In England in the seventeenth and eighteenth centuries, husbands were legally subject to imprisonment for debt, but wives weren’t. Given that a large number of men were imprisoned for debt, the risk of a wife contracting debt that the husband could not pay was a significant concern for men. The Citizen’s Law Companion, published in 1794 and intended for practical use of businessmen, contained:
such articles as experience evinces to be the most generally interesting to the man of business, and which have been oftenest decided in our Courts of Law, and on which the Judge and the Bar seem to entertain the least differences of opinion.^
One section of the Citizen’s Law Companion was entitled “debtor and creditor.” About 75% of that section concerned law relating to a husband’s responsibility for a wife’s debt. Husbands’ civil responsibility for wives’ debts was probably more significant in daily life than husbands’ criminal responsibility for wives’ acts.
Some husbands attempted to limit their liability by giving public notice not to grant their wives’ credit. For example, the London Gazette in 1712 contained the following notice:
Whereas Mary Canes, Wife of Abraham Canes of the Parish of St. Andrews Holborn, in the County of Middlesex, Coachman, hath Eloped from her said Husband; these are to give notice to all Persons not to Trust or give Credit to the said Mary with Money or goods upon his Account, for that he will not pay any Debts she shall contract after publication hereof.^
While that notice may have had actual effects, it probably didn’t have legal force.

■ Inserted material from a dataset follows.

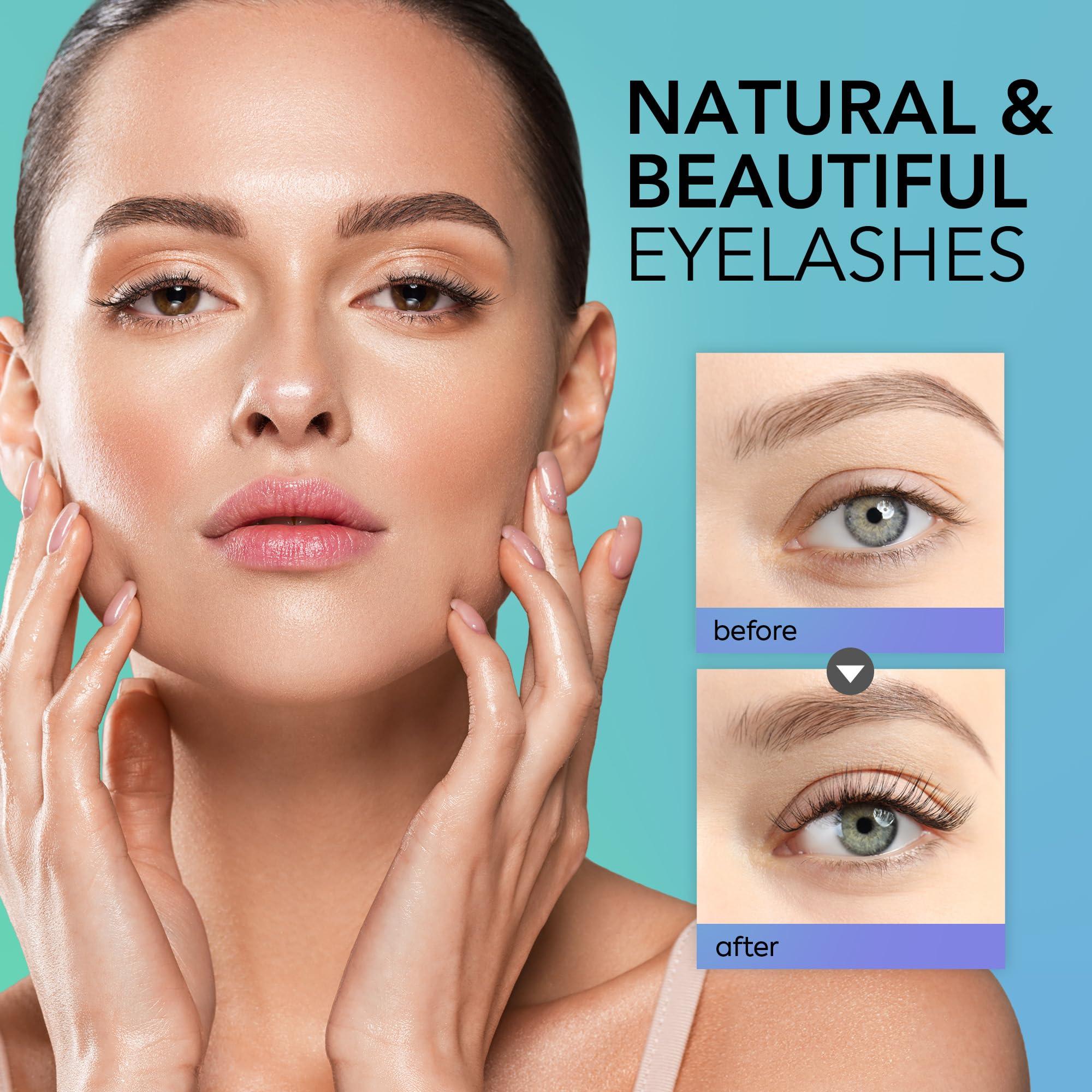 Angeline Premium Lash Serum for Eyelash Growth Serum, Advanced Lash Growth Serum, Eyelash Serum to Grow Lashes, Lash Serum Growth for Longer, Fuller and Thicker Lashes and Brows 5ml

In reviewing the law governing debtors and creditors, the Citizen’s Law Companion drew relevant distinctions between types of purchases, types of notice, and public knowledge of a wife deserting a husband. A husband was responsible for his wife’s debts for “necessary apparel, diet, &c” purchased without his consent, even if he gave notice of any sort that such credit should not be extended to her. For credit advanced for other goods, personal notice to a merchant, but not general notice in a newspaper, would be sufficient for a husband to avoid responsibility for his wife’s debt. If a wife deserting her husband had become “notorious”, then the husband was not responsible for the wife’s debt.^
Even though wives weren’t legally subject to imprisonment for debt, some wives voluntarily joined their husbands in debtors’ prisons. In 1776, John Howard described the Fleet debtors’ prison in London as “crowded with women and children”; it contained 243 men who were legally prisoners, along with 475 wives and children who had come into the prison to live with their husband or father. In London’s Poultry Compter debtors’ prison, eight men had with them their wives and 19 children. Other male prisoners had 44 wives and 144 children not living with them in prison.^ Prison facilities and prison rules, rather than wives’ preferences, probably were the primary constraints on wives and children moving into prison with imprisoned male debtors. Husbands and wives historically have tended to have close economic and emotional bonds. Those bonds in practice pushed against the legal regime of only imprisoning husbands.